Viernes 2 de agosto de 2024 -- Viernes de la 17ª semana «B

Jer 26,1-9; Mt 13,54-58

Homilía

Alrededor de los treinta años, Jesús dejó su pueblo natal de Nazaret, en Galilea, para ir a Judea. La razón inmediata de ello no se da en el Evangelio. En cualquier caso, en aquella época, como siempre, había un movimiento de gente hacia Jerusalén, la capital, sobre todo desde el interior de Galilea. Jesús se encontraba en Jerusalén justo cuando toda Jerusalén descendía hacia el Jordán, en la región de Jericó, para ser bautizada por Juan. Él mismo fue bautizado y oyó la voz del Padre: «Tú eres mi hijo amado, en quien tengo complacencia». Entonces Juan dijo a sus discípulos: «He aquí el Cordero de Dios». Varios discípulos de Juan se unen a Jesús y éste llama a otros. Después de ayunar durante cuarenta días en el desierto, parte de nuevo hacia Galilea, donde predica y cura a los enfermos, primero en la gran ciudad de Cafarnaún. Finalmente, un día regresó a su pueblo y comenzó a enseñar en la sinagoga. Todo el mundo se sorprendió. Esta sorpresa mostraba claramente que, hasta entonces, nada en la vida de Jesús en Nazaret le había distinguido. Sin duda había celebrado fielmente todas las fiestas del año con sus padres y parientes. Sin duda también había acudido regularmente a la sinagoga local para escuchar las enseñanzas de los doctores de la Ley. Por eso, cuando empezó a predicar y a curar a los enfermos, la gente se preguntaba: «¿De dónde ha sacado esa sabiduría y esos milagros?

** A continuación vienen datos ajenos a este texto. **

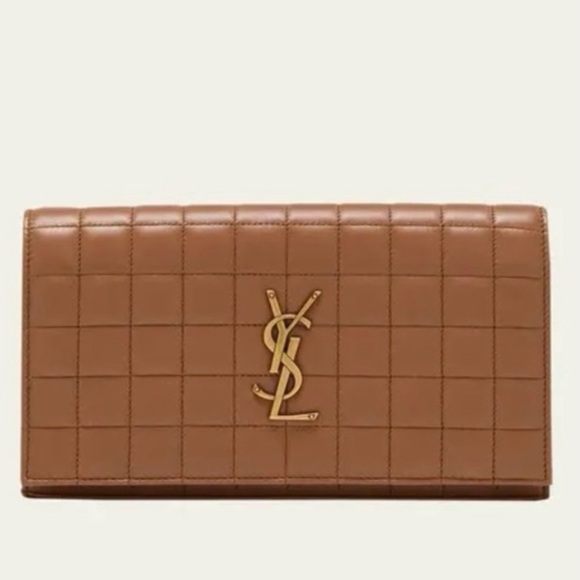 YSL Brown Quilted Wallet on chain - Picture 1 of 14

La gente de Nazaret creía saberlo todo sobre Jesús porque conocían todos los detalles externos de su vida. Lo conocían como el hijo del carpintero del pueblo, conocían a su madre y a todos los demás miembros de su familia. No podían imaginar que había más en Él de lo que aparentaba. Menos aún podían imaginar que Dios le había confiado una misión especial. Su falta de fe le impidió realizar muchos milagros para ellos, porque los milagros de Jesús consistían generalmente en hacer fructificar la fe de los que se acercaban a él.

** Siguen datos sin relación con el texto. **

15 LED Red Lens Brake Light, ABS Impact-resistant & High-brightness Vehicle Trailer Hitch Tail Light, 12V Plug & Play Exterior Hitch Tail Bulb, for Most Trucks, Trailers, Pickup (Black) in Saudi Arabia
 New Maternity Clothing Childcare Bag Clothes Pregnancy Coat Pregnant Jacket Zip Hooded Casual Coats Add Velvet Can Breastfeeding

¿Qué hay de nosotros mismos y de nuestra actitud hacia aquellos con los que vivimos o nos encontramos? Sabemos mucho de nuestros hermanos y hermanas. Los hemos visto vivir durante mucho tiempo. Conocemos sus cualidades y probablemente aún más sus defectos. Por desgracia, no somos conscientes de todo el potencial de crecimiento que hay en ellos. No vemos su capacidad de conversión. Así que cuando se produce en ellos un crecimiento humano y espiritual, nos decimos: «¿Qué puede estar pasando? -- ¿De dónde ha salido esto? -- Y entonces a menudo no permitimos que se produzca el milagro de la transformación o el crecimiento, o al menos que dé fruto.

En una comunidad, y quizá aún más en una comunidad de clausura, menos bombardeada por las novedades diarias, retenemos fácilmente el recuerdo de cómo eran nuestras hermanas o hermanos hace un año, o hace cinco, o hace diez, y no siempre vemos lo que la gracia ha podido hacer en ellos a lo largo de los años. «¡Ella siempre es así! Ella me hizo esto el día de Pascua, ¡hace cuatro años!...».

Para ser verdadera, la fe en Dios debe ir acompañada de la fe en los demás. Pidamos a Dios que nos permita ver todas las posibilidades de crecimiento que ha depositado en nuestros hermanos y hermanas. Pidámosle tener en ellos la fe que permitirá que se produzcan todos los milagros de conversión y de crecimiento.